In this talk, we formulate a new problem called the "universal feature selection" problem, where we need to select from the high dimensional data a low dimensional feature that can be used to solve, not one, but a family of inference problems. We solve this problem by developing a new information metric that can be used to quantify the semantics of data, and by using a geometric analysis approach. We then show that a number of concepts in information theory and statistics such as the HGR correlation and common information are closely connected to the universal feature selection problem. At the same time, a number of learning algorithms, PCA, Compressed Sensing, FM, deep neural networks, etc., can also be interpreted as implicitly or explicitly solving the same problem, with various forms of constraints.

In particular, we show that based on our approach, we can give an analytical expression to the weights computed in deep neural networks. This gives us the option of either to compute these weights with a separate routine different from the standard training procedure of neural networks or to use the computation results of a neural network for other problems. We will show some experimental results where our theory can help us to design and use neural networks in more flexible and more rational ways.

Biography

Lizhong Zheng received the B.S and M.S. degrees, in 1994 and 1997 respectively, from the Department of Electronic Engineering, Tsinghua University, China, and the Ph.D. degree, in 2002, from the Department of Electrical Engineering and Computer Sciences, University of California, Berkeley.
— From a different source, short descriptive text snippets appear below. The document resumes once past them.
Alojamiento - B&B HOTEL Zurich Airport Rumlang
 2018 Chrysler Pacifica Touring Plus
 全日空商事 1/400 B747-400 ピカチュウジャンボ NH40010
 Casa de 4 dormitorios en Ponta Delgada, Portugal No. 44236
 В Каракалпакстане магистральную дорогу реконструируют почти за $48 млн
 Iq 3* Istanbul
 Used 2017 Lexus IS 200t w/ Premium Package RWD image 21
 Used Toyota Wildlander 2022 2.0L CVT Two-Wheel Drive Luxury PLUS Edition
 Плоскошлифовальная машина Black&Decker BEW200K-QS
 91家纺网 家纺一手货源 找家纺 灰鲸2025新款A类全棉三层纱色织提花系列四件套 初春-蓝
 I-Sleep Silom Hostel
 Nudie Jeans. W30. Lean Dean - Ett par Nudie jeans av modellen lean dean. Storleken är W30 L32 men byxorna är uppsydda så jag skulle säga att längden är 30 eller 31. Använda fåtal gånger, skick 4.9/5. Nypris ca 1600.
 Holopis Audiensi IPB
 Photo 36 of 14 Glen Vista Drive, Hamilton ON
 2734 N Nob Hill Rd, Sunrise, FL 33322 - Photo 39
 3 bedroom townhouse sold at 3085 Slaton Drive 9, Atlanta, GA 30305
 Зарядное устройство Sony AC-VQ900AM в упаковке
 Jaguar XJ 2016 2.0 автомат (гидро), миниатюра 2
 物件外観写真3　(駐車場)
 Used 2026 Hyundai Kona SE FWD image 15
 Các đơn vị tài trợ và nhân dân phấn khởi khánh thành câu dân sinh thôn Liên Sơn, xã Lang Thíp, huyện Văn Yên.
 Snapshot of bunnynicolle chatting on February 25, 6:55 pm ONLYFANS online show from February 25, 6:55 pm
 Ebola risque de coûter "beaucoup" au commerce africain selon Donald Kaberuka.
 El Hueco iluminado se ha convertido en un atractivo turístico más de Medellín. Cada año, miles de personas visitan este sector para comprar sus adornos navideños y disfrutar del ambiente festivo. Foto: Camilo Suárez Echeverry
Since 2002, he has been working at MIT, where he is currently a professor of Electrical Engineering. His research interests include information theory, statistical inference, communications, and networks theory. He received Eli Jury award from UC Berkeley in 2002, IEEE Information Theory Society Paper Award in 2003, and NSF CAREER award in 2004, and the AFOSR Young Investigator Award in 2007. He served as an associate editor for IEEE Transactions on Information Theory, and the general co-chair for the IEEE International Symposium on Information Theory in 2012. He is an IEEE fellow.